Task instructions -
Exactly as they appear, output all of the entries.

Data extracted from a collection

* * * * * * *

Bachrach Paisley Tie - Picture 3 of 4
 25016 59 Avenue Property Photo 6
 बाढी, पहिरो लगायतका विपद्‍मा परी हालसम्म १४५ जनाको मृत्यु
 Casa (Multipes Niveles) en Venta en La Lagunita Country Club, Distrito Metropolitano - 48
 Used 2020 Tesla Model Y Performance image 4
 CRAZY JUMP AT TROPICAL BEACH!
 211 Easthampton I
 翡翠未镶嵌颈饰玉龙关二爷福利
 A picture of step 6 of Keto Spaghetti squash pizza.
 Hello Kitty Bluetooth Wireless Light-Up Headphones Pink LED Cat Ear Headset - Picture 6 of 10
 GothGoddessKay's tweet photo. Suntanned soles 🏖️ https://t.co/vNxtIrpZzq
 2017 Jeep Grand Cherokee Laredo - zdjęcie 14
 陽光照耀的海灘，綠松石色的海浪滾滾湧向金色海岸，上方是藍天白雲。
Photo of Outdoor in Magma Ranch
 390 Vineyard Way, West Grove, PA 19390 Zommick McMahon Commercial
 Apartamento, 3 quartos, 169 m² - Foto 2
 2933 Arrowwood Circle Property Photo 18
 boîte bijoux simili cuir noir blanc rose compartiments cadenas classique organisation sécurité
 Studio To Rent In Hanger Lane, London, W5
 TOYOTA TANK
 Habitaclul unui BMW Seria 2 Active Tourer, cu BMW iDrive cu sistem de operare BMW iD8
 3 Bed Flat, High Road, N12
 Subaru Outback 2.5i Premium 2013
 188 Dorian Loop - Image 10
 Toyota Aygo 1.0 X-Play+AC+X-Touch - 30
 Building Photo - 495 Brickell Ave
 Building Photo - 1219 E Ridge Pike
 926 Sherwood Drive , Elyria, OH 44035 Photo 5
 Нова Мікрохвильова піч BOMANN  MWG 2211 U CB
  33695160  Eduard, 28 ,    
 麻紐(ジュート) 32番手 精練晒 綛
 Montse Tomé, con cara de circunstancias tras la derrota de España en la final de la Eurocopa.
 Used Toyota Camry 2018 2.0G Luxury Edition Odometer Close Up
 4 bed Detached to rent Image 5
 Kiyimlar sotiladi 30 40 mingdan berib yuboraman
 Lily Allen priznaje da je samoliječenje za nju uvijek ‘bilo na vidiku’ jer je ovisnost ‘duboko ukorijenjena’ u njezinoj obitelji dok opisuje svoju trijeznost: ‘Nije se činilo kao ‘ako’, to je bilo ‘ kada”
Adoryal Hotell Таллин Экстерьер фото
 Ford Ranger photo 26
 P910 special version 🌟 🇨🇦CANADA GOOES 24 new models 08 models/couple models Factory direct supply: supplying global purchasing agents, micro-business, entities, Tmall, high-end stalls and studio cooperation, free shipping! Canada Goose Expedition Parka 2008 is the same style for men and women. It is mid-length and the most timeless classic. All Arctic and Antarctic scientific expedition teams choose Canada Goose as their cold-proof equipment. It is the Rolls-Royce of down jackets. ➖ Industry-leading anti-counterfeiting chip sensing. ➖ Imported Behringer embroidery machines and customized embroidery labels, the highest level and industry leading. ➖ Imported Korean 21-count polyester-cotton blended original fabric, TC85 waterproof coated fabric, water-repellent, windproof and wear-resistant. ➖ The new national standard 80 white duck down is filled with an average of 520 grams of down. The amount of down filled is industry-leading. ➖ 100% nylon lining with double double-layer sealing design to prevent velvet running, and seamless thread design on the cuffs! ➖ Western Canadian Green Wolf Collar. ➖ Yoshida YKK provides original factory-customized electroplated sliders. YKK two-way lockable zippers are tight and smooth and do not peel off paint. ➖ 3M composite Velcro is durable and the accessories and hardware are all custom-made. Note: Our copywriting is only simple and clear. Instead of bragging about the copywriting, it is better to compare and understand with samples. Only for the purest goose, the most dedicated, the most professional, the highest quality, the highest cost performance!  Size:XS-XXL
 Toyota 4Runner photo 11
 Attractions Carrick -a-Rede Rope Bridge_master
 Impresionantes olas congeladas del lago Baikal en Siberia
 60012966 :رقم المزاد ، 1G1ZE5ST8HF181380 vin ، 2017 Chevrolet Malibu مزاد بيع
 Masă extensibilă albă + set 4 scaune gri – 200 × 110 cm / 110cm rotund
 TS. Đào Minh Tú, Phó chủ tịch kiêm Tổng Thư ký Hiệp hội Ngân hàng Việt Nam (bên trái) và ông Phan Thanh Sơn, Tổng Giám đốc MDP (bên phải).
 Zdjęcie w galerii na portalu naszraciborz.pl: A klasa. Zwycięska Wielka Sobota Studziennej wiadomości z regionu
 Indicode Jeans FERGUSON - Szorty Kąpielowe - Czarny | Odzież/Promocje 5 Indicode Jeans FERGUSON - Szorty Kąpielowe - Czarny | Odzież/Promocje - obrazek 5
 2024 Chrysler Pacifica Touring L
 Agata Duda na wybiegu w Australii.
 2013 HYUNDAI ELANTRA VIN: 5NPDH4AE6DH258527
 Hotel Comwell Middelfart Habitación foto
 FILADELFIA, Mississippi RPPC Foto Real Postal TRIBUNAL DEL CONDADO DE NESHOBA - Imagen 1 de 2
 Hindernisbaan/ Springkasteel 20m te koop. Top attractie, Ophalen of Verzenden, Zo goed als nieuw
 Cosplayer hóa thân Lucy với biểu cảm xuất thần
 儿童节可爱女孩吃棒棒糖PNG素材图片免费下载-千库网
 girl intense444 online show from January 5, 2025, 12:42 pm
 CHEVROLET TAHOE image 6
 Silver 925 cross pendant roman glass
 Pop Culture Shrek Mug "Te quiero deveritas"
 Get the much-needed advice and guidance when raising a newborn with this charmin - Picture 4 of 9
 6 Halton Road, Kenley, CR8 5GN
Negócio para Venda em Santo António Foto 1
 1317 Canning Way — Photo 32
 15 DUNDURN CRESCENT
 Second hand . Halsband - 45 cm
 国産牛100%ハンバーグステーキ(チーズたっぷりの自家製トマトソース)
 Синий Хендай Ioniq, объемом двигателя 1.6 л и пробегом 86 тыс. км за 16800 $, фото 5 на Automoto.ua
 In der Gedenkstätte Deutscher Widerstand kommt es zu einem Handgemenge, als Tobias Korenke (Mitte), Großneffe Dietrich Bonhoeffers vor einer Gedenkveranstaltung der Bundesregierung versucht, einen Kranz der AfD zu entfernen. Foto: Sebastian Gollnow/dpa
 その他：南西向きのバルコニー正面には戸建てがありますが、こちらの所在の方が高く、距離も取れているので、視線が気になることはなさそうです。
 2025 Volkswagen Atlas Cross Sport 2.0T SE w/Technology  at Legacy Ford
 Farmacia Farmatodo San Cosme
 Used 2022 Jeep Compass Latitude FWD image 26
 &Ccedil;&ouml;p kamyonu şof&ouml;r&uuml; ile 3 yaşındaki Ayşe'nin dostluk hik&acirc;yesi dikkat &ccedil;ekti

* * * * * * *

Answer section -
Bachrach Paisley Tie - Picture 3 of 4
 25016 59 Avenue Property Photo 6
 बाढी, पहिरो लगायतका विपद्‍मा परी हालसम्म १४५ जनाको मृत्यु
 Casa (Multipes Niveles) en Venta en La Lagunita Country Club, Distrito Metropolitano - 48
 Used 2020 Tesla Model Y Performance image 4
 CRAZY JUMP AT TROPICAL BEACH!
 211 Easthampton I
 翡翠未镶嵌颈饰玉龙关二爷福利
 A picture of step 6 of Keto Spaghetti squash pizza.
 Hello Kitty Bluetooth Wireless Light-Up Headphones Pink LED Cat Ear Headset - Picture 6 of 10
 GothGoddessKay's tweet photo. Suntanned soles 🏖️ https://t.co/vNxtIrpZzq
 2017 Jeep Grand Cherokee Laredo - zdjęcie 14
 陽光照耀的海灘，綠松石色的海浪滾滾湧向金色海岸，上方是藍天白雲。
Photo of Outdoor in Magma Ranch
 390 Vineyard Way, West Grove, PA 19390 Zommick McMahon Commercial
 Apartamento, 3 quartos, 169 m² - Foto 2
 2933 Arrowwood Circle Property Photo 18
 boîte bijoux simili cuir noir blanc rose compartiments cadenas classique organisation sécurité
 Studio To Rent In Hanger Lane, London, W5
 TOYOTA TANK
 Habitaclul unui BMW Seria 2 Active Tourer, cu BMW iDrive cu sistem de operare BMW iD8
 3 Bed Flat, High Road, N12
 Subaru Outback 2.5i Premium 2013
 188 Dorian Loop - Image 10
 Toyota Aygo 1.0 X-Play+AC+X-Touch - 30
 Building Photo - 495 Brickell Ave
 Building Photo - 1219 E Ridge Pike
 926 Sherwood Drive , Elyria, OH 44035 Photo 5
 Нова Мікрохвильова піч BOMANN  MWG 2211 U CB
  33695160  Eduard, 28 ,    
 麻紐(ジュート) 32番手 精練晒 綛
 Montse Tomé, con cara de circunstancias tras la derrota de España en la final de la Eurocopa.
 Used Toyota Camry 2018 2.0G Luxury Edition Odometer Close Up
 4 bed Detached to rent Image 5
 Kiyimlar sotiladi 30 40 mingdan berib yuboraman
 Lily Allen priznaje da je samoliječenje za nju uvijek ‘bilo na vidiku’ jer je ovisnost ‘duboko ukorijenjena’ u njezinoj obitelji dok opisuje svoju trijeznost: ‘Nije se činilo kao ‘ako’, to je bilo ‘ kada”
Adoryal Hotell Таллин Экстерьер фото
 Ford Ranger photo 26
 P910 special version 🌟 🇨🇦CANADA GOOES 24 new models 08 models/couple models Factory direct supply: supplying global purchasing agents, micro-business, entities, Tmall, high-end stalls and studio cooperation, free shipping! Canada Goose Expedition Parka 2008 is the same style for men and women. It is mid-length and the most timeless classic. All Arctic and Antarctic scientific expedition teams choose Canada Goose as their cold-proof equipment. It is the Rolls-Royce of down jackets. ➖ Industry-leading anti-counterfeiting chip sensing. ➖ Imported Behringer embroidery machines and customized embroidery labels, the highest level and industry leading. ➖ Imported Korean 21-count polyester-cotton blended original fabric, TC85 waterproof coated fabric, water-repellent, windproof and wear-resistant. ➖ The new national standard 80 white duck down is filled with an average of 520 grams of down. The amount of down filled is industry-leading. ➖ 100% nylon lining with double double-layer sealing design to prevent velvet running, and seamless thread design on the cuffs! ➖ Western Canadian Green Wolf Collar. ➖ Yoshida YKK provides original factory-customized electroplated sliders. YKK two-way lockable zippers are tight and smooth and do not peel off paint. ➖ 3M composite Velcro is durable and the accessories and hardware are all custom-made. Note: Our copywriting is only simple and clear. Instead of bragging about the copywriting, it is better to compare and understand with samples. Only for the purest goose, the most dedicated, the most professional, the highest quality, the highest cost performance!  Size:XS-XXL
 Toyota 4Runner photo 11
 Attractions Carrick -a-Rede Rope Bridge_master
 Impresionantes olas congeladas del lago Baikal en Siberia
 60012966 :رقم المزاد ، 1G1ZE5ST8HF181380 vin ، 2017 Chevrolet Malibu مزاد بيع
 Masă extensibilă albă + set 4 scaune gri – 200 × 110 cm / 110cm rotund
 TS. Đào Minh Tú, Phó chủ tịch kiêm Tổng Thư ký Hiệp hội Ngân hàng Việt Nam (bên trái) và ông Phan Thanh Sơn, Tổng Giám đốc MDP (bên phải).
 Zdjęcie w galerii na portalu naszraciborz.pl: A klasa. Zwycięska Wielka Sobota Studziennej wiadomości z regionu
 Indicode Jeans FERGUSON - Szorty Kąpielowe - Czarny | Odzież/Promocje 5 Indicode Jeans FERGUSON - Szorty Kąpielowe - Czarny | Odzież/Promocje - obrazek 5
 2024 Chrysler Pacifica Touring L
 Agata Duda na wybiegu w Australii.
 2013 HYUNDAI ELANTRA VIN: 5NPDH4AE6DH258527
 Hotel Comwell Middelfart Habitación foto
 FILADELFIA, Mississippi RPPC Foto Real Postal TRIBUNAL DEL CONDADO DE NESHOBA - Imagen 1 de 2
 Hindernisbaan/ Springkasteel 20m te koop. Top attractie, Ophalen of Verzenden, Zo goed als nieuw
 Cosplayer hóa thân Lucy với biểu cảm xuất thần
 儿童节可爱女孩吃棒棒糖PNG素材图片免费下载-千库网
 girl intense444 online show from January 5, 2025, 12:42 pm
 CHEVROLET TAHOE image 6
 Silver 925 cross pendant roman glass
 Pop Culture Shrek Mug "Te quiero deveritas"
 Get the much-needed advice and guidance when raising a newborn with this charmin - Picture 4 of 9
 6 Halton Road, Kenley, CR8 5GN
Negócio para Venda em Santo António Foto 1
 1317 Canning Way — Photo 32
 15 DUNDURN CRESCENT
 Second hand . Halsband - 45 cm
 国産牛100%ハンバーグステーキ(チーズたっぷりの自家製トマトソース)
 Синий Хендай Ioniq, объемом двигателя 1.6 л и пробегом 86 тыс. км за 16800 $, фото 5 на Automoto.ua
 In der Gedenkstätte Deutscher Widerstand kommt es zu einem Handgemenge, als Tobias Korenke (Mitte), Großneffe Dietrich Bonhoeffers vor einer Gedenkveranstaltung der Bundesregierung versucht, einen Kranz der AfD zu entfernen. Foto: Sebastian Gollnow/dpa
 その他：南西向きのバルコニー正面には戸建てがありますが、こちらの所在の方が高く、距離も取れているので、視線が気になることはなさそうです。
 2025 Volkswagen Atlas Cross Sport 2.0T SE w/Technology  at Legacy Ford
 Farmacia Farmatodo San Cosme
 Used 2022 Jeep Compass Latitude FWD image 26
 &Ccedil;&ouml;p kamyonu şof&ouml;r&uuml; ile 3 yaşındaki Ayşe'nin dostluk hik&acirc;yesi dikkat &ccedil;ekti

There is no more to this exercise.